▸ **INSTRUCTIONS TO FOLLOW**
Pictures in the records are to be excluded from an otherwise exact copy.

RECORDS FOR THE EXERCISE Start Marker

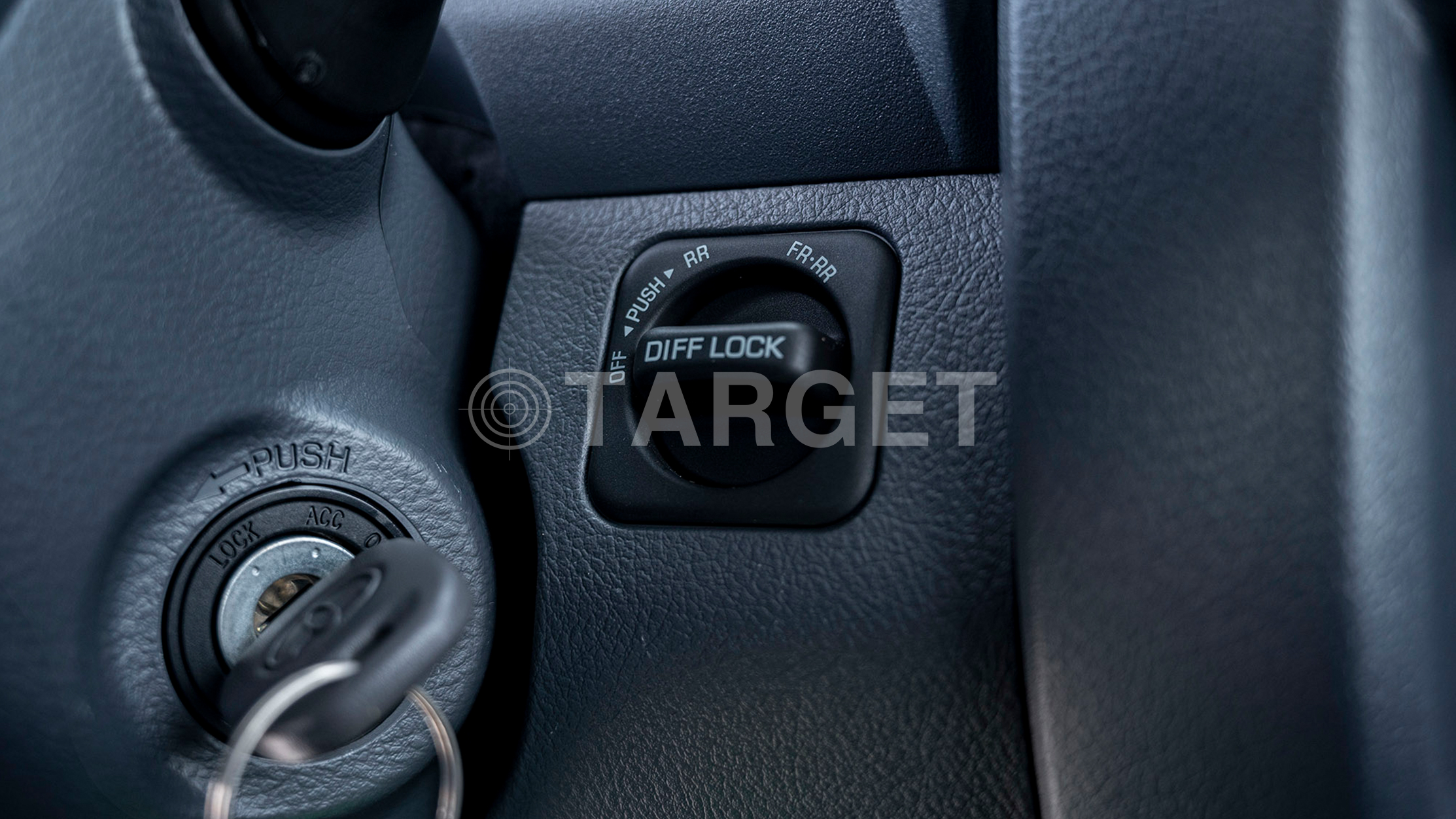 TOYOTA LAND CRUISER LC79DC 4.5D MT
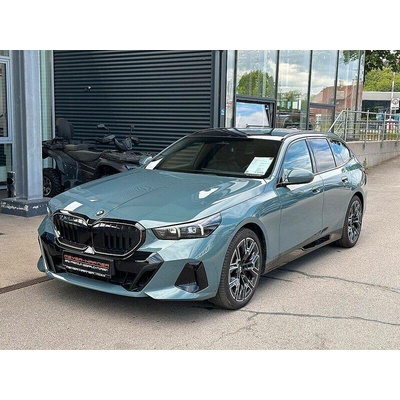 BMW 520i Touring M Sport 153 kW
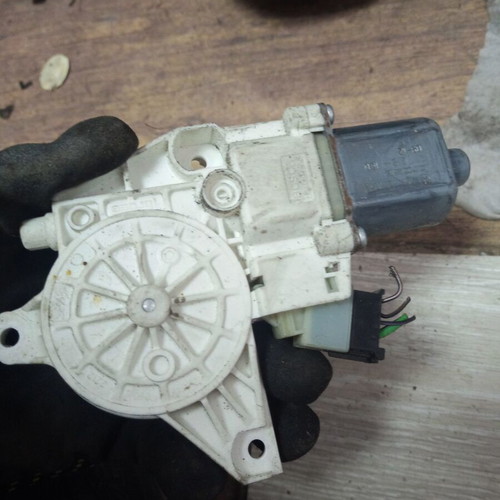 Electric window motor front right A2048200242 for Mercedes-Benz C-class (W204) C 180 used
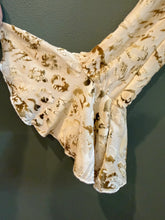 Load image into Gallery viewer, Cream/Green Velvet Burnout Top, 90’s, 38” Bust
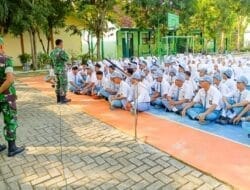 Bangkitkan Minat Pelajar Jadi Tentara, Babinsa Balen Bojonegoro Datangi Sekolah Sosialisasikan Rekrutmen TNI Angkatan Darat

RECORDS FOR THE EXERCISE End Marker

▸ **SOLVED EXERCISE**
 TOYOTA LAND CRUISER LC79DC 4.5D MT
 BMW 520i Touring M Sport 153 kW
 Electric window motor front right A2048200242 for Mercedes-Benz C-class (W204) C 180 used
 Load image into Gallery viewer, Cream/Green Velvet Burnout Top, 90’s, 38” Bust
 Bangkitkan Minat Pelajar Jadi Tentara, Babinsa Balen Bojonegoro Datangi Sekolah Sosialisasikan Rekrutmen TNI Angkatan Darat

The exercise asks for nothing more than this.